I considered her unsinkable, though I know she struggled from time to time with health of body and spirit.  I remember singing “Gentle Mother” to her in Colorado when she had a low point.  She sang it back to me when I became one, providing me with a weekly Mother’s Day Out which always turned into a lunch with my aunt hearing stories about all that came with being a mom.

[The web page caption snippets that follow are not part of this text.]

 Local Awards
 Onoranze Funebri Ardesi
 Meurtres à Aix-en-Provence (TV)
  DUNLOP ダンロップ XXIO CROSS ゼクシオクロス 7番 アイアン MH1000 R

She introduced me to Ben and Jerry’s Cherry Garcia and Diet Snapple Raspberry Tea,  as well as the priest and church community where our first born would be baptized.  She’s the only person I know who ever “graduated” from hospice, as most of us had mentally prepared to lose her around Christmas.

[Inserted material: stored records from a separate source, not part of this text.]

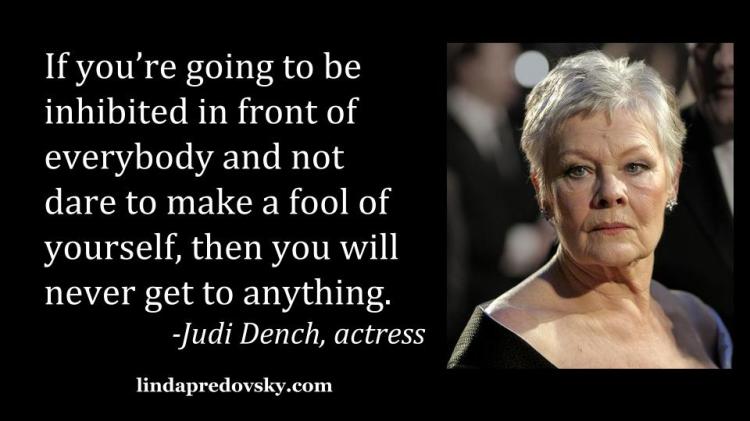 Untitled presentation (2)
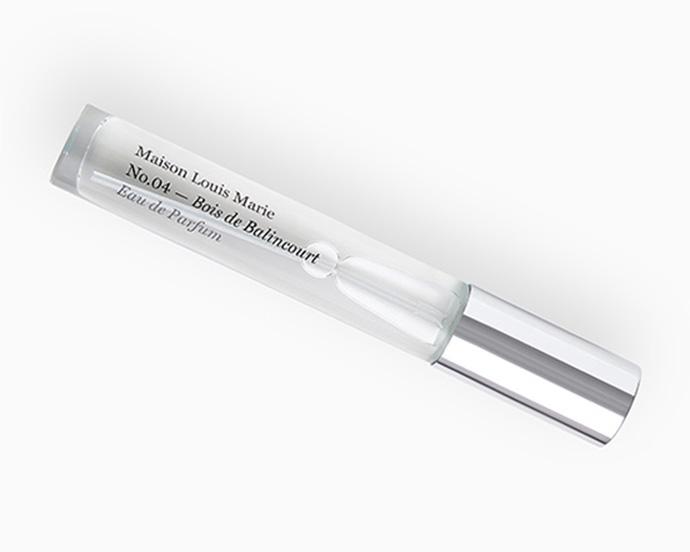 04 june-2025-boxycharm-spoilers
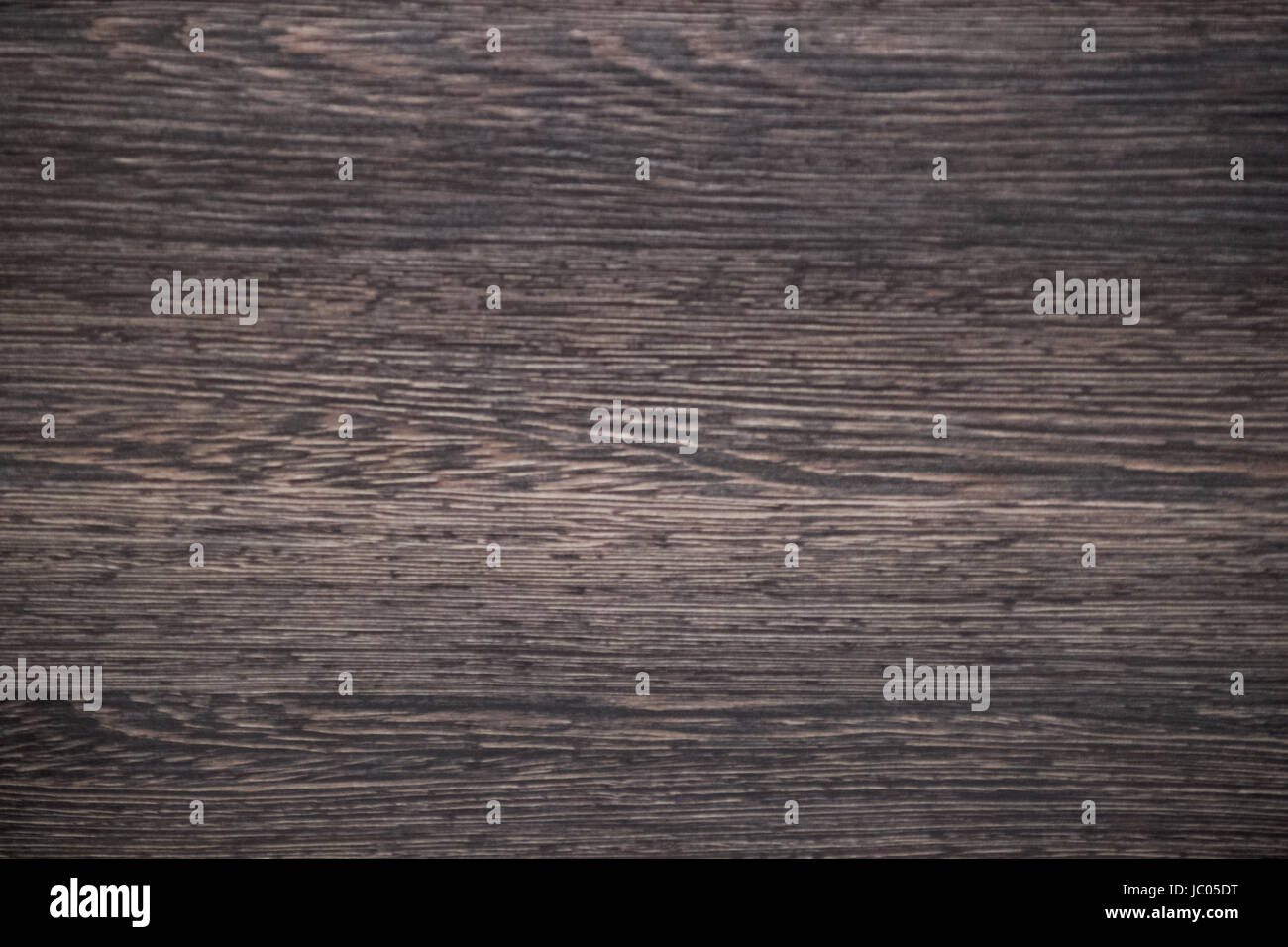 Holz Holz Hintergrundtextur Stockfoto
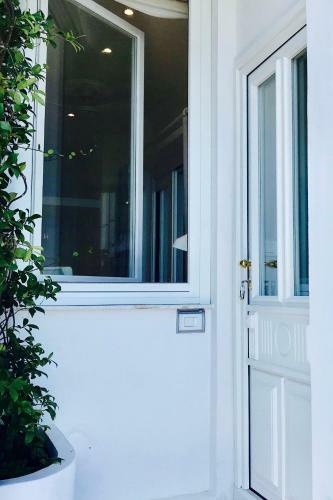 Apartamento Les Lilas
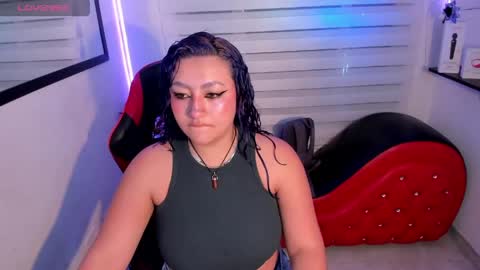 roxanne online show from May 20, 2026, 12:22 pm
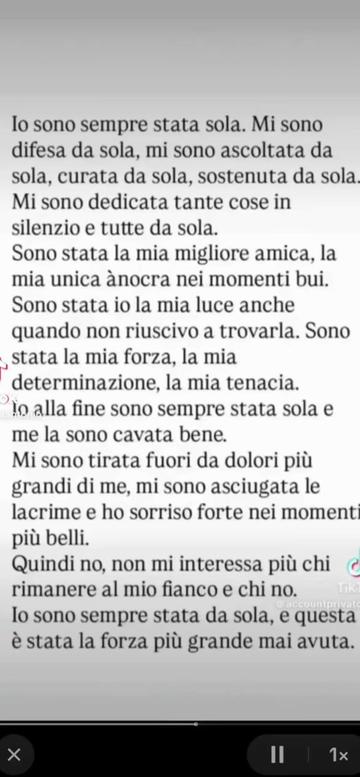 @🦋🌼mariarca lanzetti🦋🦋🌼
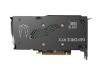 圖片 ZOTAC GAMING GeForce RTX 3060 Twin Edge 12G 顯示卡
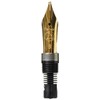 Stainless Steel Nib B for M200
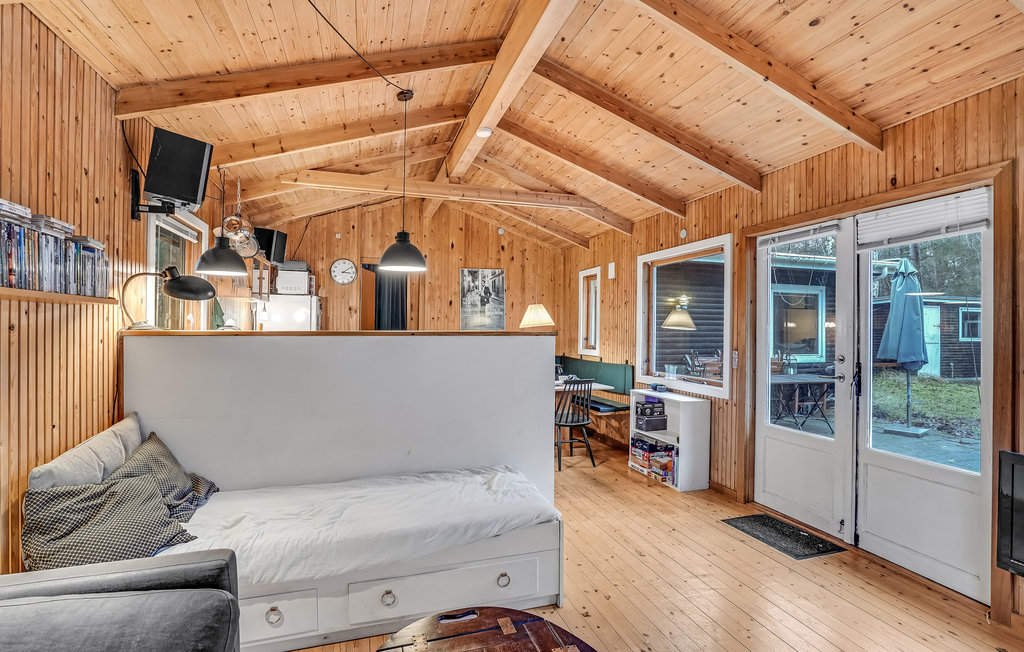 Feriehuse - Bjerge Sydstrand , Danmark - E20626 19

I’m getting to the age where the generation that seemed like it was always there, is a forest that is forever growing thinner.  Watching my wedding tape has become a celebration of All Souls Day.   Early into losing the generation that came before us, my cousin talked about the pillars that held up the family beach house, and our aunts and uncles being the pillars, for the next generation to safely shelter on the shoulders of while they discovered who they were and how much they were loved.   She did that, like the two uncles and two aunts and my father and grandparents did before.  My comfort came in imagining the reunion; in visualizing her shaking hands with the Blessed Mother, and joining the big table for the great feast.

1 Sea and Sea - Swedes Real Estate

(Not our beach house but you get the idea).

My first thoughts when I saw the text that she’d died on Sunday early in the morning was, “She raced to the tomb,” and the readings from today, they fit perfectly with her having died.  She had a servants’ heart and was a generous steward with God’s gifts given to her.   I thought about the idea, that all the gifts we receive here, they are the small things with with we’ve been entrusted, and that she was lavish with all the small things.  I pray for all who loved her and will miss her here, and hope she’s already heard those wonderful words,  “Well done, good and faithful servant.”